INSTRUCTIONS TO FOLLOW |
Only a number is required: how many lines of the material contain the word "hand"?

Top of SUPPLIED MATERIAL

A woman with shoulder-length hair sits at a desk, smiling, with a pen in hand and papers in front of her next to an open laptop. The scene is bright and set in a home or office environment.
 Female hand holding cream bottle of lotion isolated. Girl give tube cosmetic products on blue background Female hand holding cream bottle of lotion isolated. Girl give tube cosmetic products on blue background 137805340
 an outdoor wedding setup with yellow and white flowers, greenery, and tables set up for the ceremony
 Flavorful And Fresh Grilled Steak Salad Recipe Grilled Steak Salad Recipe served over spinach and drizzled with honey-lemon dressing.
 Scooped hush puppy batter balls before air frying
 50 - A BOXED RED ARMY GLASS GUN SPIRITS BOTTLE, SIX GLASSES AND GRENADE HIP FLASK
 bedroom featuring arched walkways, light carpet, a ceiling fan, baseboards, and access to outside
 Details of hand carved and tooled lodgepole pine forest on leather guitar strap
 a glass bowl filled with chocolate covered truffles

Bottom of SUPPLIED MATERIAL

SOLUTION FOR THIS TASK |
3